L’Afrique est en train de devenir un acteur incontournable dans la course mondiale aux minéraux critiques. Le cuivre, métal indispensable aux voitures électriques, aux réseaux électriques, aux centres de données et aux technologies liées à l’intelligence artificielle, attire désormais une part croissante des investissements internationaux.
Selon le rapport World Energy Investment 2026 de l’Agence internationale de l’énergie, les investissements dans les nouveaux projets de minéraux critiques en Afrique ont fortement progressé au cours de la dernière décennie. Le cuivre a concentré l’essentiel de cette dynamique.
L’enjeu est majeur. L’AIE estime que l’offre mondiale de cuivre pourrait afficher un déficit pouvant atteindre 30% d’ici à 2035 si les investissements actuels ne suffisent pas à répondre à la demande future. Cette demande est portée par la transition énergétique, l’électrification des économies et la montée en puissance de l’intelligence artificielle. Le cuivre est aujourd’hui considéré comme l’un des matériaux les plus stratégiques au monde. Il est utilisé dans les câbles électriques, les batteries, les infrastructures de recharge, les énergies renouvelables et les centres de données.
Les investissements ont doublé en Afrique
Le rapport indique que les dépenses consacrées aux projets miniers «greenfield», c’est-à-dire développés sur de nouveaux sites sans infrastructures existantes, sont passées d’environ 3,5 milliards de dollars en 2016 à plus de 7 milliards en 2024. Plus de 90% de cette croissance concerne le cuivre. La République démocratique du Congo et la Zambie restent les principaux pôles d’attraction. La mine de Kamoa-Kakula, développée par Ivanhoe Mines et Zijin Mining, illustre cette tendance avec plusieurs milliards de dollars investis depuis son lancement. D’autres pays gagnent également du terrain, notamment l’Angola, le Botswana et la Namibie.
Le Maroc cité parmi les destinations d’investissement
Pour l’Afrique du Nord, le rapport mentionne le Maroc parmi les destinations qui attirent les investissements dans les minéraux critiques. Cette présence confirme le positionnement croissant du royaume dans les chaînes de valeur liées à la transition énergétique. En revanche, la Tunisie n’est pas citée parmi les principaux bénéficiaires des nouveaux investissements miniers mentionnés dans le rapport. Même si elle ne dispose pas des mêmes réserves minières que certains pays africains, la Tunisie est directement concernée par cette transformation mondiale.

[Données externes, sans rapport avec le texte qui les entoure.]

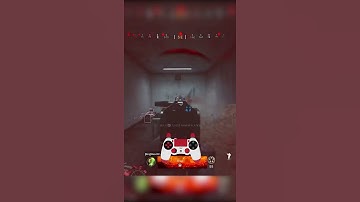 MAC10 SLAYS IN REBIRTH QUADS #SHORTS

D’abord parce que la demande croissante en cuivre et en minéraux critiques influence les prix internationaux des matières premières et des équipements utilisés dans les projets énergétiques. Ensuite parce que le pays cherche à accélérer sa transition énergétique à travers le développement du solaire, de l’éolien et des infrastructures électriques. Tous ces projets dépendent fortement de métaux stratégiques comme le cuivre. Enfin, cette nouvelle géographie des investissements ouvre des opportunités industrielles. Plusieurs pays africains tentent désormais d’aller au-delà de l’extraction minière en développant la transformation locale, le raffinage et certaines activités industrielles à plus forte valeur ajoutée. La Tunisie pourrait chercher à se positionner sur certains maillons de ces chaînes de valeur grâce à son tissu industriel, ses compétences techniques et sa proximité avec les marchés européens.

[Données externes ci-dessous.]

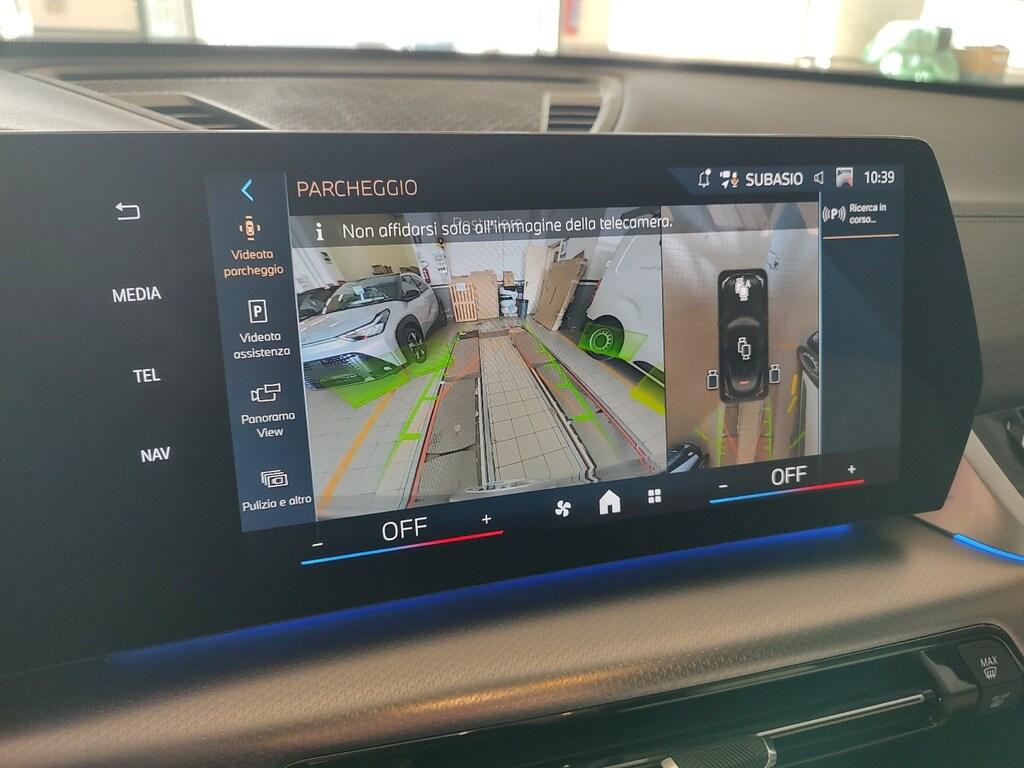 BMW X2 xdrive 20d 48V MSport auto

L’Afrique veut capter davantage de valeur
L’AIE souligne toutefois que le principal défi pour les pays africains n’est plus seulement d’extraire les ressources, mais de les transformer localement afin de créer davantage d’emplois et de revenus.
Depuis 2023, treize pays africains ont adopté des restrictions ou des interdictions d’exportation sur certains minéraux critiques afin d’encourager leur transformation sur place. Cependant, les investissements dans le raffinage progressent beaucoup plus lentement que ceux destinés à l’extraction. Ils ont atteint environ 2,5 milliards de dollars en 2024. L’AIE identifie plusieurs obstacles: le manque d’électricité, la rareté de l’eau, les insuffisances logistiques et le déficit de main-d’œuvre qualifiée.